Source material.
┄┄┄┄┄┄
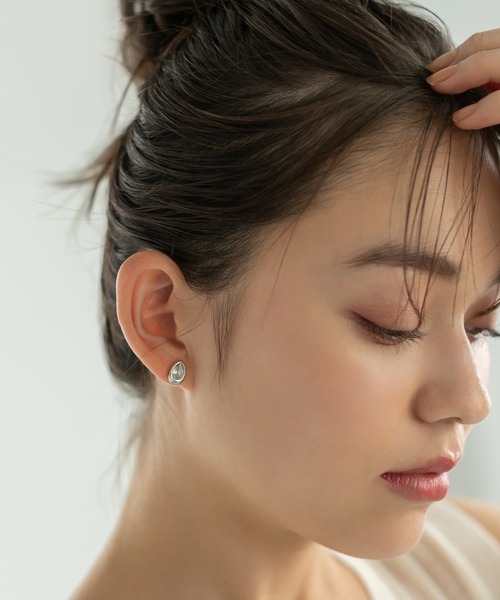 Edit Sheen（エディットシーン）の「しずくビジューピアス（ピアス（両耳用）・レディース・シルバー/ゴールド・FREE）」の11枚目の写真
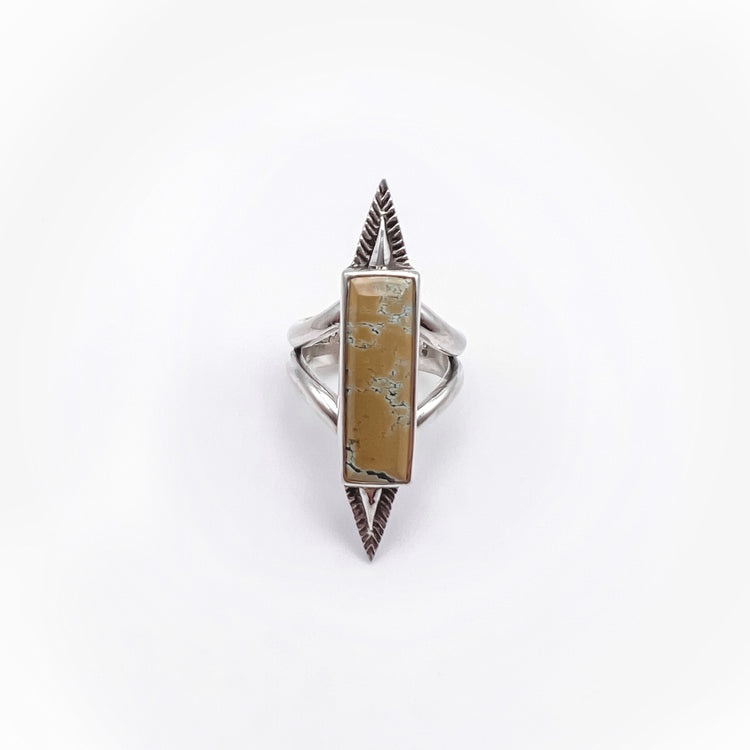Rising Sun Turquoise Bar Ring I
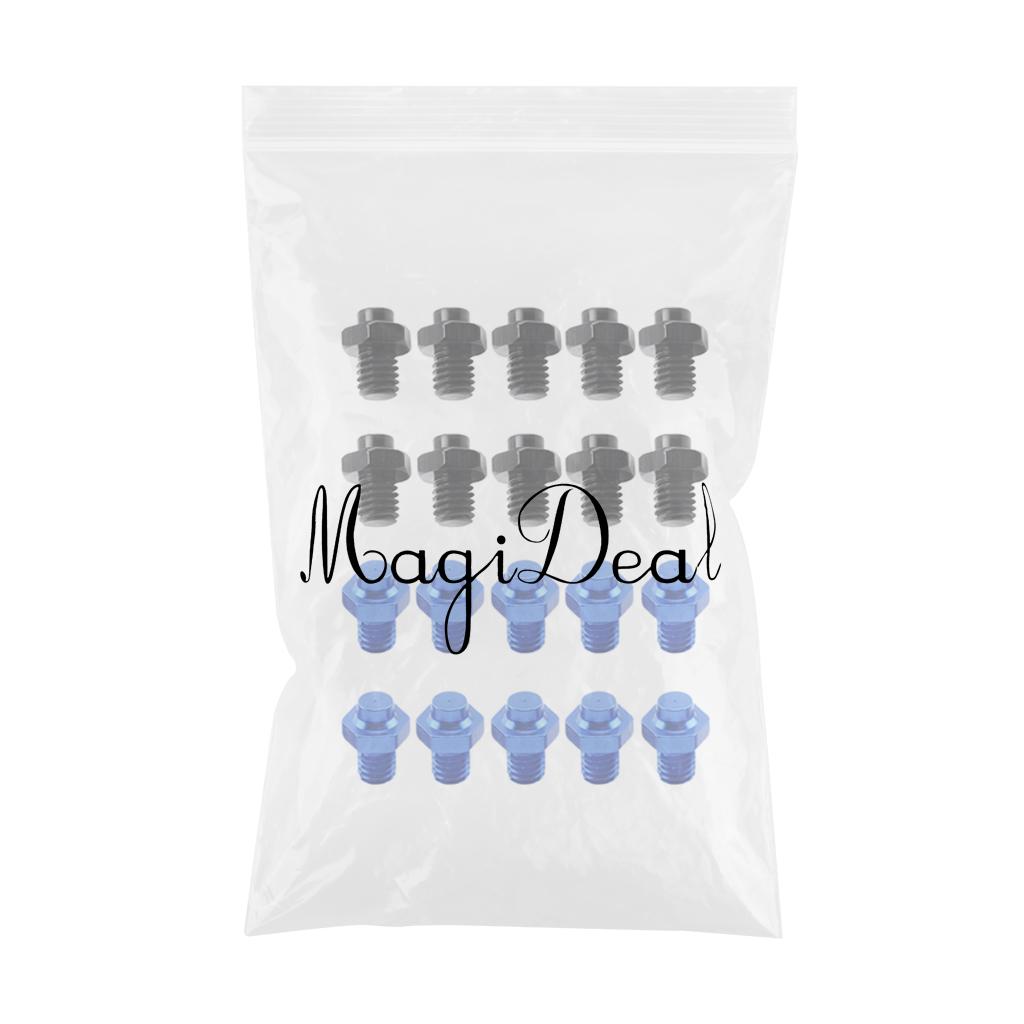 20pcs Bike Pedal Screws Mountain Bike Pedal Fixed Studs Anti-Slip Black&Blue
┄┄┄┄┄┄
Required action. Would it be possible to copy the material exactly, excluding the images?

Expected output.
 Edit Sheen（エディットシーン）の「しずくビジューピアス（ピアス（両耳用）・レディース・シルバー/ゴールド・FREE）」の11枚目の写真
Rising Sun Turquoise Bar Ring I
 20pcs Bike Pedal Screws Mountain Bike Pedal Fixed Studs Anti-Slip Black&Blue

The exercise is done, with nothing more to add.